• Provided material
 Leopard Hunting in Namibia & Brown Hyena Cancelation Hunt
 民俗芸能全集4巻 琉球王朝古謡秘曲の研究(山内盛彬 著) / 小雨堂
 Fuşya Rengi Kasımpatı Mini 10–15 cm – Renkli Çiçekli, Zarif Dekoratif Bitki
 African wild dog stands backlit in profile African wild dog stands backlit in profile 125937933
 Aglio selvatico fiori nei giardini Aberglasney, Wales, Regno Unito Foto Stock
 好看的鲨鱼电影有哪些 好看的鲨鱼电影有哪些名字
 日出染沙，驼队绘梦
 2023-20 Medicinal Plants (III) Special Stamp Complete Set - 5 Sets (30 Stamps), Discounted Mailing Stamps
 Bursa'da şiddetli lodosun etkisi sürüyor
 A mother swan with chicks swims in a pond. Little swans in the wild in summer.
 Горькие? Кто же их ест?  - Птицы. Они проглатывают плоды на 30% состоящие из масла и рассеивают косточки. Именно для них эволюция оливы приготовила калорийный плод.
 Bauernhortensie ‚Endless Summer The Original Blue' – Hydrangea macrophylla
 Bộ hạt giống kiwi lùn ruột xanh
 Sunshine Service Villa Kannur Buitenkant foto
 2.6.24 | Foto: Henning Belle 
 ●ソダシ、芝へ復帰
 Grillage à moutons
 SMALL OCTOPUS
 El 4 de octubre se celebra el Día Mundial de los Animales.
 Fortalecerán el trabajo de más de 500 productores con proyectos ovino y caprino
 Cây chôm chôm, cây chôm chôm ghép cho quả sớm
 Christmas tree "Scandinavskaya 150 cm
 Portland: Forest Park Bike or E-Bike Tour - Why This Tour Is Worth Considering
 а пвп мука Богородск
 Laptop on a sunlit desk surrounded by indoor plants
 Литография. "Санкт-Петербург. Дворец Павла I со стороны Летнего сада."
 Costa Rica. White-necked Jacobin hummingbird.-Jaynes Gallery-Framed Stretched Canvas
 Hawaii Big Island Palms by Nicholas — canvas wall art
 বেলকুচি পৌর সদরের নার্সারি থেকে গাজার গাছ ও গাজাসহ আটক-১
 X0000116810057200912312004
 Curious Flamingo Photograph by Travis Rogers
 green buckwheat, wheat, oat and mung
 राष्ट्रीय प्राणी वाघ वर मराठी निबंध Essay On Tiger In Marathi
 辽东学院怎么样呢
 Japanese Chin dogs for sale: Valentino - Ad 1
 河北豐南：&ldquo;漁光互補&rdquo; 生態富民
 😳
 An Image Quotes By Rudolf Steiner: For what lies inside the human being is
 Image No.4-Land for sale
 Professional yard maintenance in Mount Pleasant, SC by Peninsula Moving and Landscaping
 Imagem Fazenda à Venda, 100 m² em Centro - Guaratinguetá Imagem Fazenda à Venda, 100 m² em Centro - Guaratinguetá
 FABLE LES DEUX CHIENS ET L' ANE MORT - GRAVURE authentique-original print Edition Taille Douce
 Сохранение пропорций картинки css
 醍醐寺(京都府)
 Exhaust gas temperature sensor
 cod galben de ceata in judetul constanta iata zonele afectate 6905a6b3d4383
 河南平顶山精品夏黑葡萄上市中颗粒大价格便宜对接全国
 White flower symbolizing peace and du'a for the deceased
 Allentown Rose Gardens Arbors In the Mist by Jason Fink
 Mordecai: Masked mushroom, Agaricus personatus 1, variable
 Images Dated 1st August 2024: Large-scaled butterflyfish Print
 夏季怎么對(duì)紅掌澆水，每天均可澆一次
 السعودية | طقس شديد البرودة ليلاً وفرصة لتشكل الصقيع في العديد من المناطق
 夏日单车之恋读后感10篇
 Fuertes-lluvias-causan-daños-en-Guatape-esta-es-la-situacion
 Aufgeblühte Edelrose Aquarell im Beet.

• Exercise
For each line above that carries the word "wild", copy it out.

• Result of the task
 African wild dog stands backlit in profile African wild dog stands backlit in profile 125937933
 A mother swan with chicks swims in a pond. Little swans in the wild in summer.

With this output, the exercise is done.